Eco: Blind Thought, 2

Wittgenstein, Ludwig

Ludwig Wittgenstein (1899-1951), portrait by Moritz Nähr (1859-1945), 1930, held by the Austrian National Library under Accession Number Pf 42.805: C (1). This work is in the public domain in its country of origin and other countries and areas where the copyright term is the author’s life plus 70 years or less. 

“As Leibniz observed in the Accessio ad arithmeticum infinitorum of 1672 (Sämtliche Schriften und Briefen, iii/1, 17), when a person says a million, he does not represent mentally to himself all the units in that number. Nevertheless, calculations performed on the basis of this figure can and must be exact.

Blind thought manipulates signs without being obliged to recognize the corresponding ideas. For this reason, increasing the power of our minds in the manner that the telescope increases the power of our eyes, it does not entail an excessive effort.

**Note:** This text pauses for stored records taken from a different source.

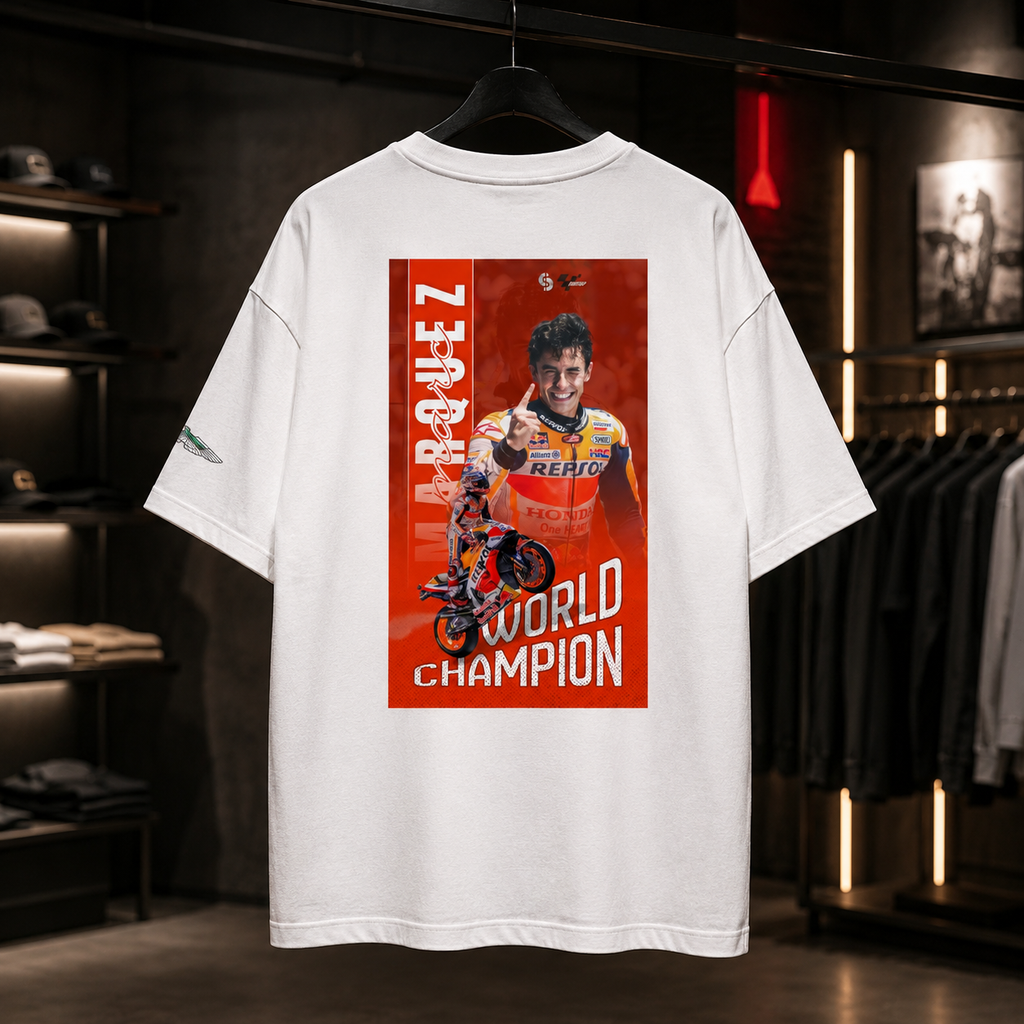 Marc Marques MOTO GP - Camiseta Oversize Manga Corta
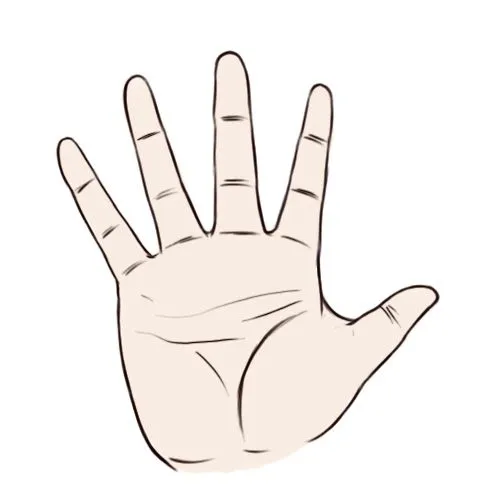 Cómo dibujar una mano: 7 pasos (con fotos) - wikiHow Cómo dibujar una mano: 7 pasos (con fotos) - wikiHow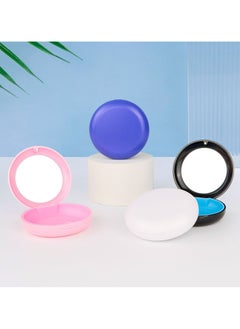 CMGTYYD 2 Pack Aligner Case with Mirror,Convenient Retainer Case for Invisalign Aligners, Night Guards, and Mouth Guards(1PC Pink +1PC White)  - Image 3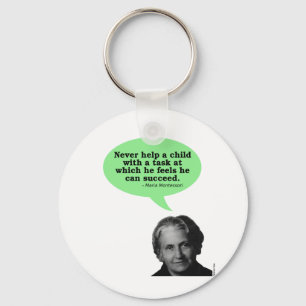 Maria Montessori Quote Keychain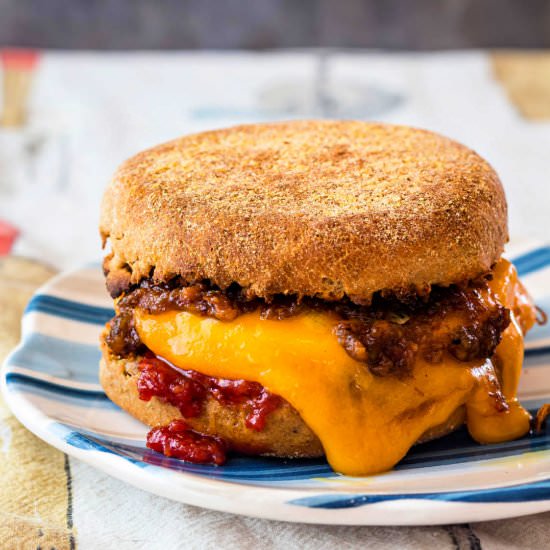 Spent Grain English Muffin Recipe - Recipe photo by onlinepastrychef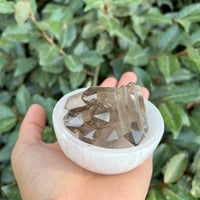 SMOKY QUARTZ DOUBLE TERMINATED POINT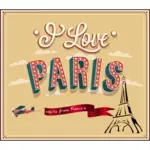Cartaz de viagens de Paris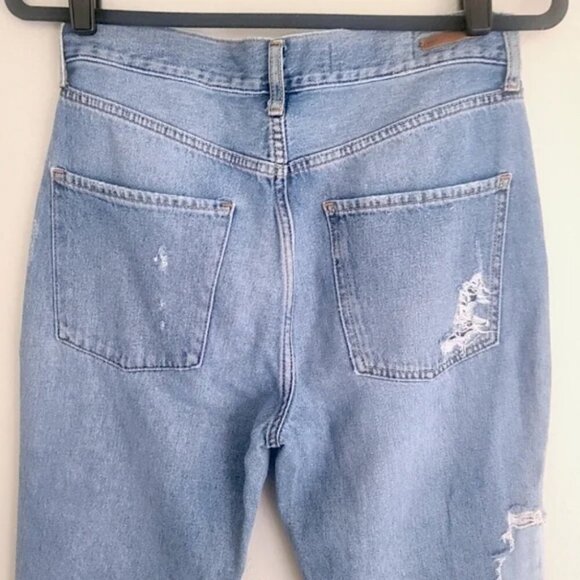 Pilcro and the Letterpress Tilde Blue Distressed Cotton Denim Pants - Size 27 - Picture 5 of 12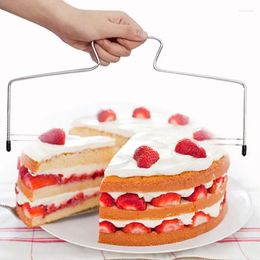Baking Tools Ktchen Accessories Cake Leveller Adjustable Stainless Steel Wire Slicer Pizza Dough Cutter Trimmer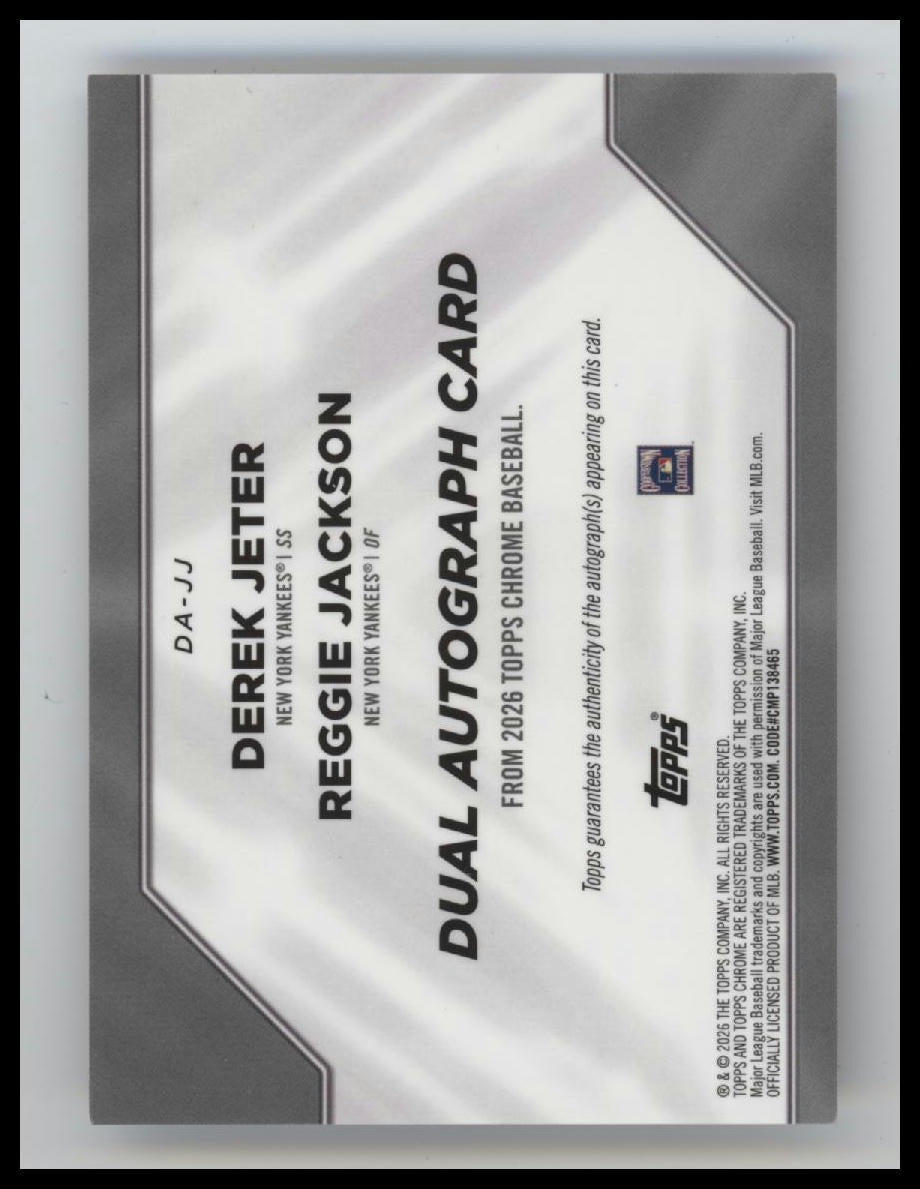 2022 Topps Tier One - Dual Auto Aaron Judge / Reggie Jackson #/25 AU #DA-JJ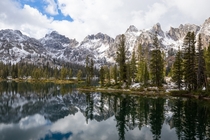 People dont really consider beauty of Idaho so Im here to share a little love for it This is Alice Lake in the Sawtooth Wilderness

“Once this has been done, if ever further controversies should arise, there should be no more reason for disputes between two philosophers than between two calculators. All that will be necessary is that, pen in hand, they sit down together at a table and say to each other (having called, if they so please, a friend) “let us calculate.” (In Gerhardt 1875: VII, 198ff).

Leibniz’s intention was thus to create a logical language, like algebra, which might lead to the discovery of unknown truths simply by applying syntactical rules to symbols. When using this language, it would no more be necessary, moreover, to know at every step what the symbols were referring to than it was necessary to know the quantity represented by algebraic symbols to solve an equation.

Thus for Leibniz, the symbols in the language of logic no longer stood for concrete ideas; instead, they stood in place of them. The characters “not only assist reasoning, they substitute for it.” (Couturat 1901: 101).

Dascal has objected (1978: 213) that Leibniz did not really conceive of his characteristica as a purely formal instrument apparatus, because symbols in his calculus are always assigned an interpretation. In an algebraic calculation, he notes, the letters of the alphabet are used freely; they are not bound to particular arithmetical values.

For Leibniz, however, we have seen that the numerical values of the characteristic numbers were, so to speak, “tailored” to concepts that were already filled with a content–“man,” “animal,” etc.

It is evident that, in order to demonstrate that “man” does not contain “monkey,” the numerical values must be chosen according to a previous semantic decision. It would follow that what Leibniz proposed was really a system both formalized and interpreted.

Now it is true that Leibniz’s posterity elaborated such systems. For instance, Luigi Richer (Algebrae philosophicae in usum artis inveniendi specimen primum, “Melanges de philosophie et de mathématique de la Societé Royale de Turin,” 1761: II/3), in fifteen short and extremely dry pages, outlined a project for the application of algebraic method to philosophy, by drawing up a tabula characteristica containing a series of general concepts (such as aliquid, nihil, contingens, mutabile) and assigning to each a conventional sign.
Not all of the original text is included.